Difficile che i personaggi strabordanti, le personalità invasive, trovino oggi nella tv italiana lo stesso successo che ebbero in passato, quando urlatori, provocatori, ma anche sublimi gesti geniali nel loro eccesso vennero riconosciuti come elisir dell'anti noia e i titolari furono gioiosamente aggregati al carrozzone della serata in tv. Stiamo pensando a Morgan, ed è curioso constatare, appunto, che ormai ne parliamo in termini assolutamente televisivi, come tv personality, al di là dei meriti e dei suoi valori come cantante e musicista.

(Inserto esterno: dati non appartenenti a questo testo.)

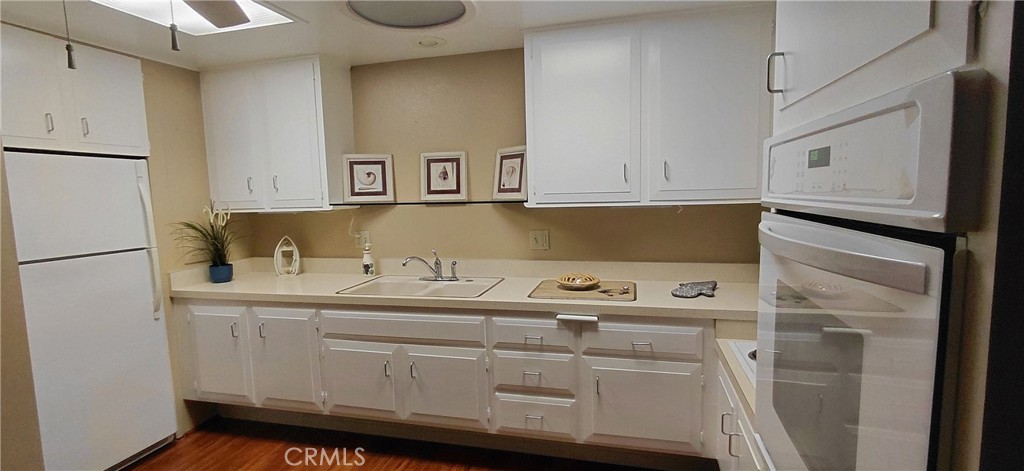 1420 Oakmont Rd M6 139k Property Photo 7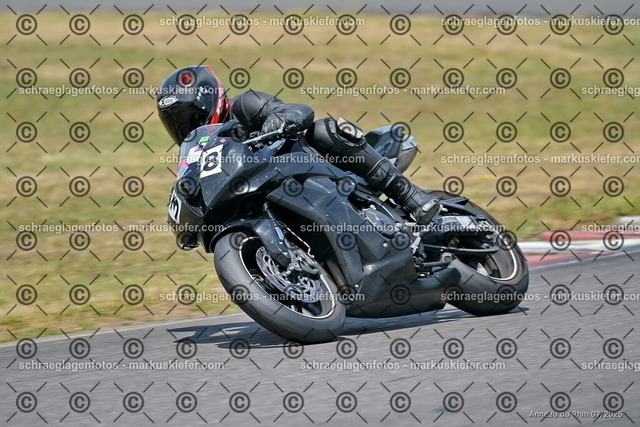 25bt04-1268 | markuskiefer.com - Realisiert mit Pictrs.com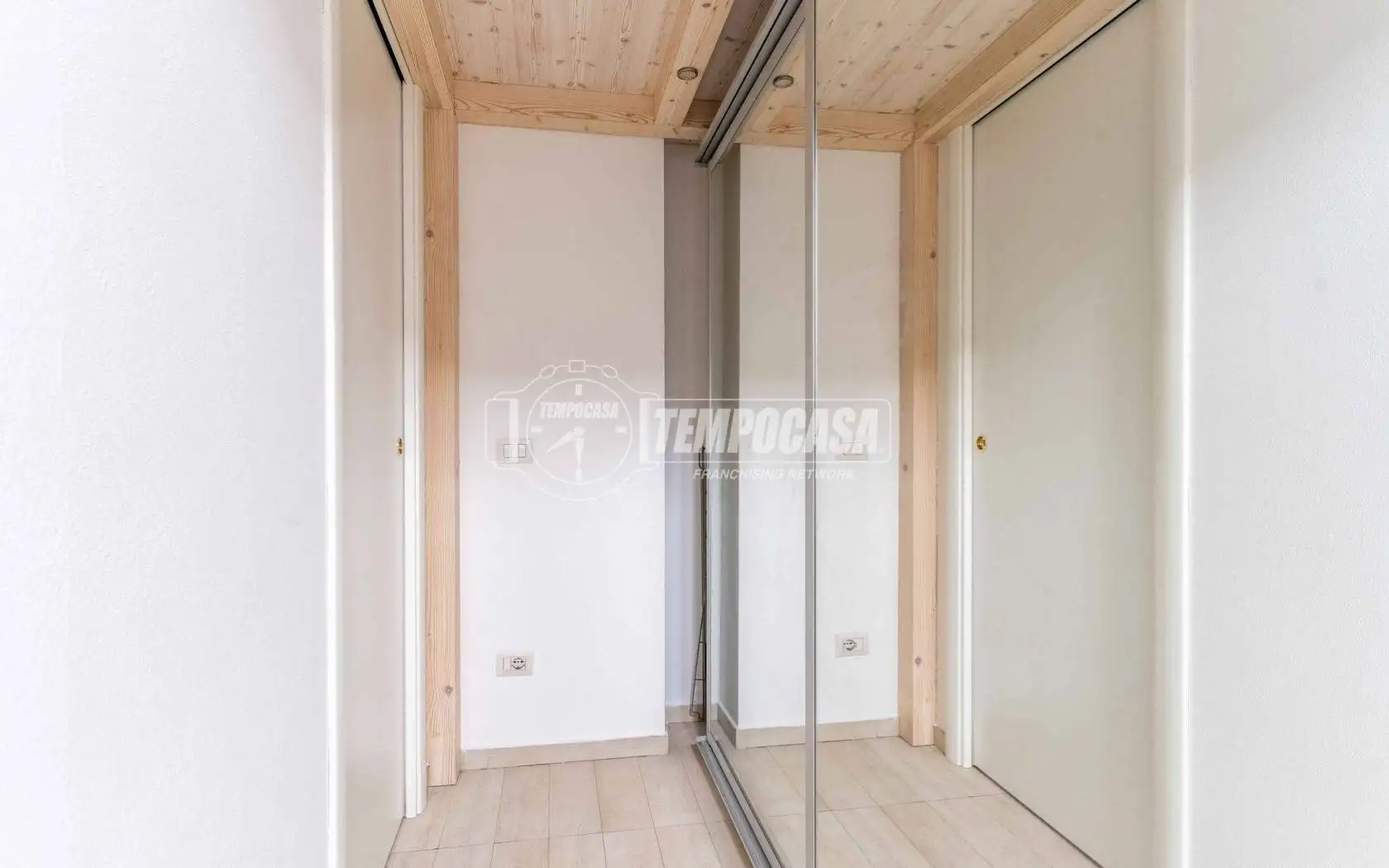 Apartment in vendita a Milan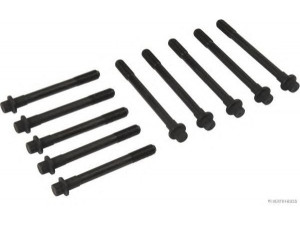 MAGNETI MARELLI 600000027250 varžtų kompl., cil. galvutės varžtai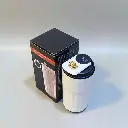 LISTING SHOOT (7).webp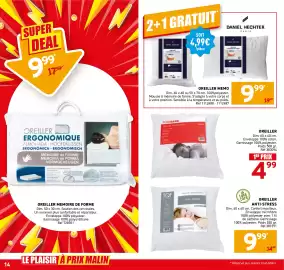 Catalogue Trafic page 14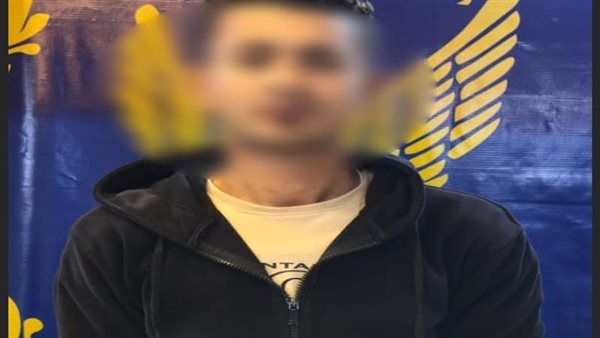 عاجل.. القبض على شاب للاعتداء على كلب ضال بعد تداول فيديو أثار جدلًا واسعًا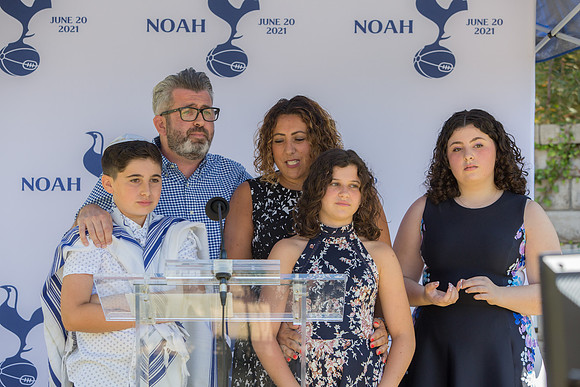 Noah.6.20.21_-144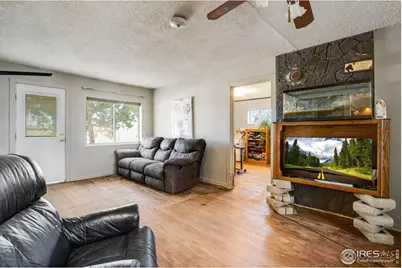 222 S Kearney St, Grover, CO 80729 - Photo 17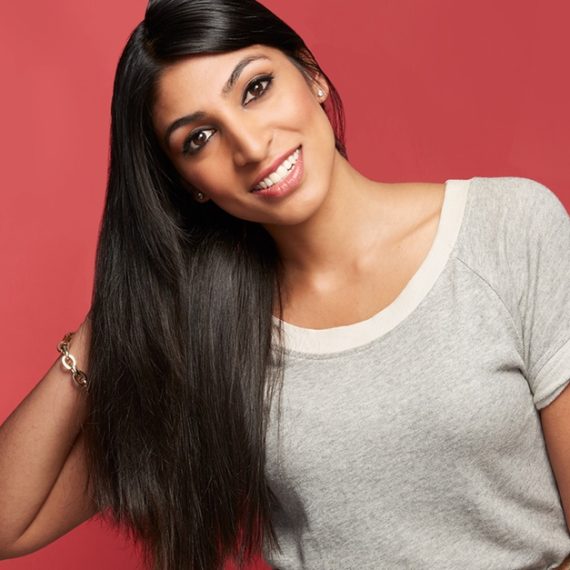 Keratin Treatment HAIRDRESSER Shop Online at Special Price from Oman Mega Deals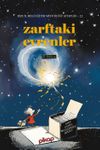 Zarftaki Evrenler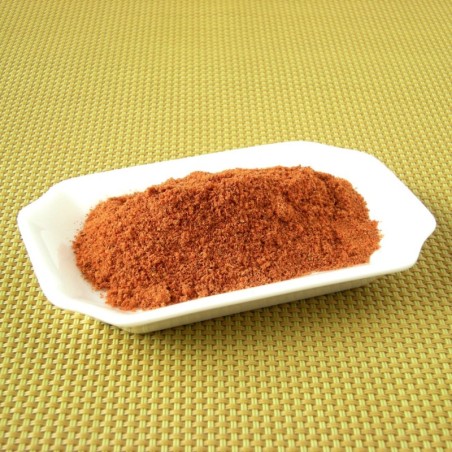 Epices couscous sans sel (Espig)disponible à la Maison Pollet de Toulouse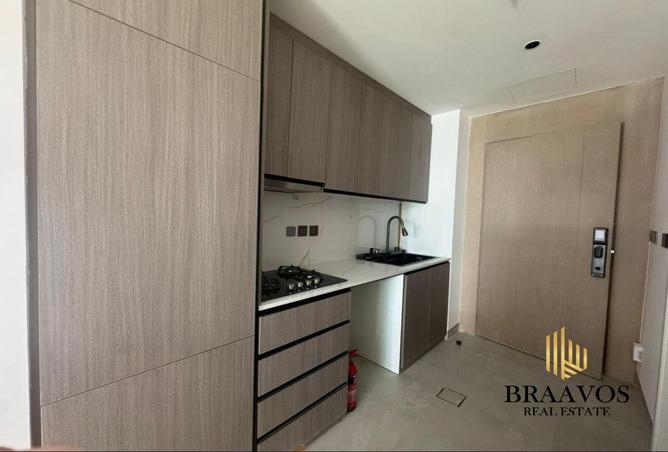 74621887 - صورة العقار 2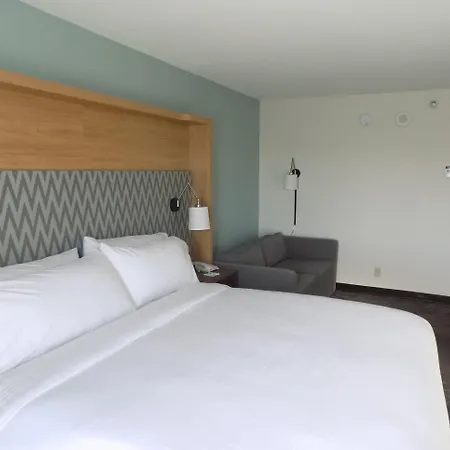 Holiday Inn Orlando International Airport By Ihg-3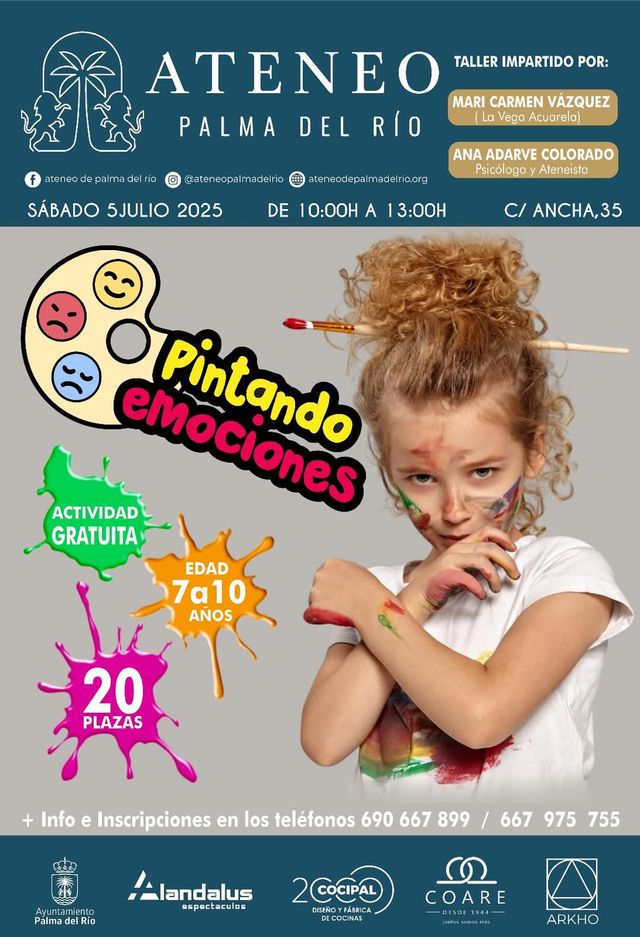 Acercar imagen: Instituto Médico Palmeño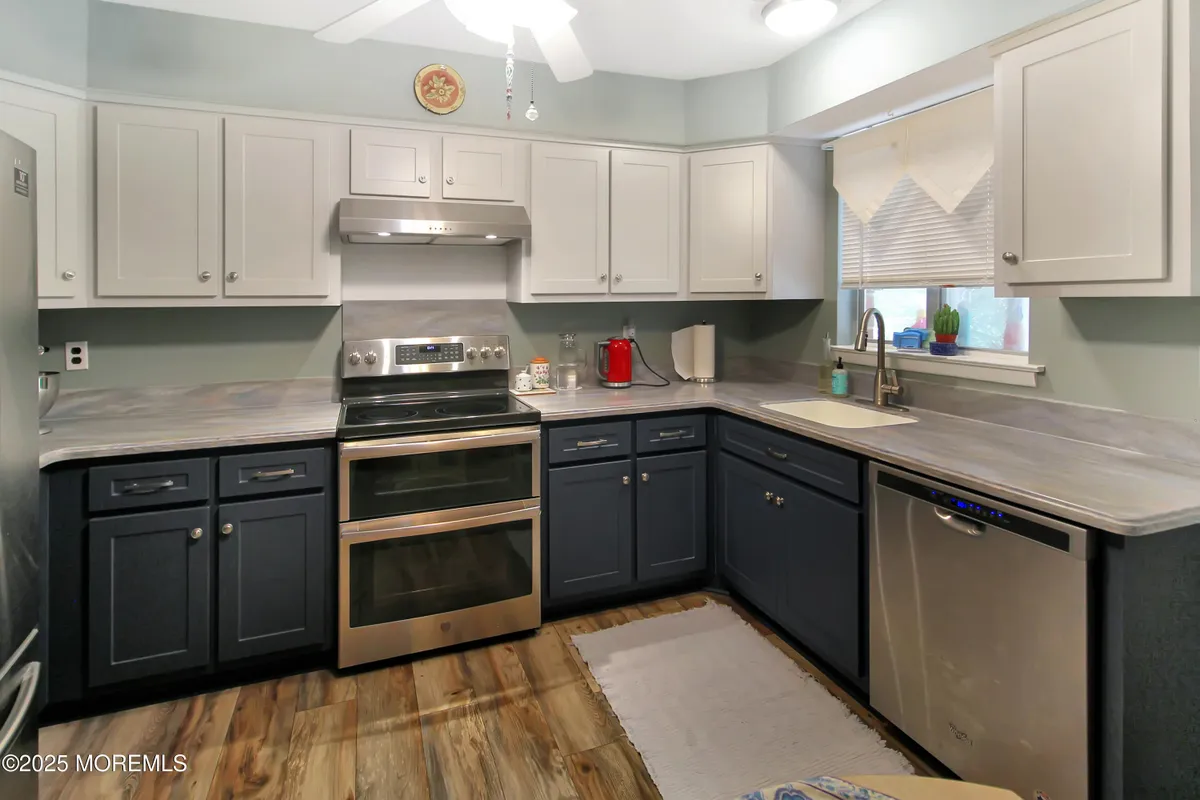 Property Slideshow image 1 of 31 | 7b musket ln, Whiting, NJ, 08759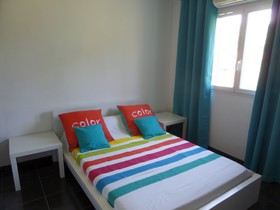 Villa Saint Tropez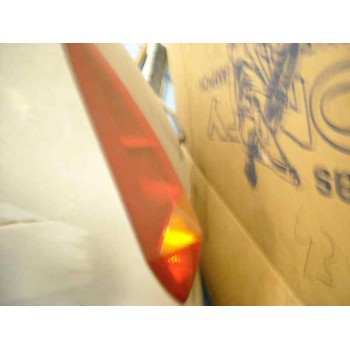 fiat punto berlina (188) del año 1999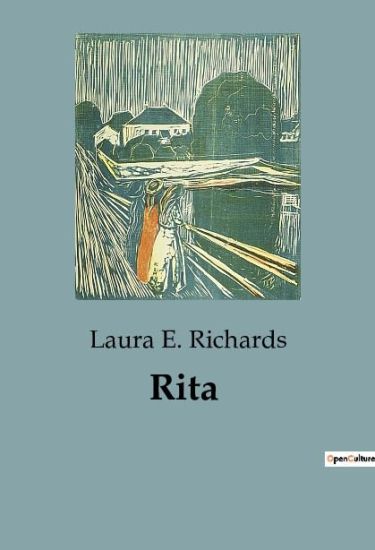 Rita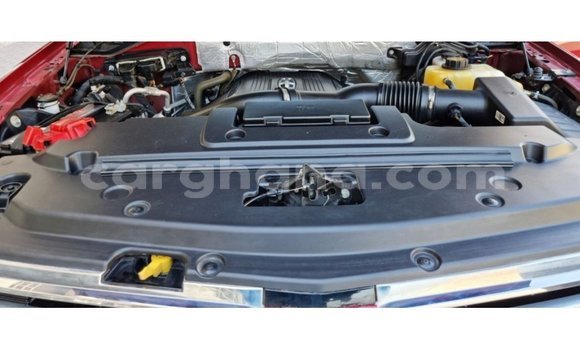 Sayi Imported Lincoln Navigator Red Mota in Import - Dubai a Ashanti Sayi Imported Lincoln Navigator Red Mota in Import - Dubai a Ashanti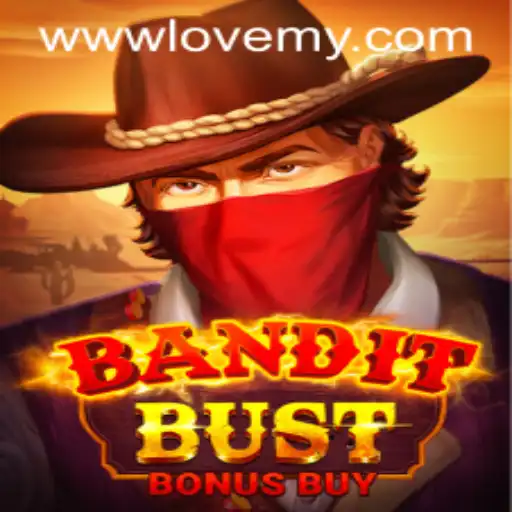 Unveiling the Thrills of BanditBustBonusBuy: A Dynamic Gaming Experience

    Difficile che i personaggi strabordanti, le personalità invasive, trovino oggi nella tv italiana lo stesso successo che ebbero in passato, quando urlatori, provocatori, ma anche sublimi gesti geniali nel loro eccesso vennero riconosciuti come elisir dell'anti noia e i titolari furono gioiosamente aggregati al carrozzone della serata in tv. Stiamo pensando a Morgan, ed è curioso constatare, appunto, che ormai ne parliamo in termini assolutamente televisivi, come tv personality, al di là dei meriti e dei suoi valori come cantante e musicista.

    Ormai, per preveggenza o per sopravvivenza, infatti, Morgan ha definitivamente traghettato la sua faccia antica e la sua voce mimetica dentro la scatola. La cosa lo adombrerà, ma è così, e deve accettarlo perché è lui che l'ha voluto o forse sono le traiettorie della sua carriera artistica ad averlo imposto, dal momento che oggi, probabilmente, se si vuole vivere con un certo agio, essere Morgan il cantante può non bastare più, nell'asfittico panorama del commercio musicale (certo, se non che a espandere il cachet per una serata, non ci siano appunto la popolarità guadagnata cantando le stupefacenti “Canzoni dell'appartamento” – una delle più alte produzioni italiane degli ultimi dieci anni –, ma le sue stravaganze lunari nell'interpretazioni d'un Verdi postmoderno, ridotto dalla necessità a servire il pubblico nei panni del giudice di pivelli). Perché tra i sonnecchiamenti di questa stagione tv, la possanza da arena dell'edizione Sky di “X Factor” e gli stimoli provenienti da quella giuria che mai risulta narcotica e anzi – liquidato il buonsenso d'antan della Maionchi – riesce a essere cult, ha la sua punta di diamante negli sconcerti del Marco Castoldi. Il quale, va ricordato, gioca a questo gioco della musica con l'arroganza di chi è maestro della materia e adesso si trova a fronteggiare una situazione inedita per lui: fin qui, infatti, nelle tre edizioni alle quali ha partecipato in Rai, aveva sempre trionfato, ovvero aveva condotto alla conquista del fattore X i suoi protetti, dai misconosciuti Aram Quartet (onorati di una canzone da lui scritta, “Chi”), pilotando poi i successi di Matteo Becucci e Marco Mengoni. Stavolta invece, niente pupilli di Morgan fin dalle semifinali, dal momento che l'ultimo suo baluardo per la sua categoria under 25, il valoroso Vincenzo Di Bella, è stato spazzato via dall'ondata di eccellenti vocalist femminili che sono la novità di questa edizione, perché il fenomeno Joss Stone-Katy Perry forse è riproducibile anche da noi.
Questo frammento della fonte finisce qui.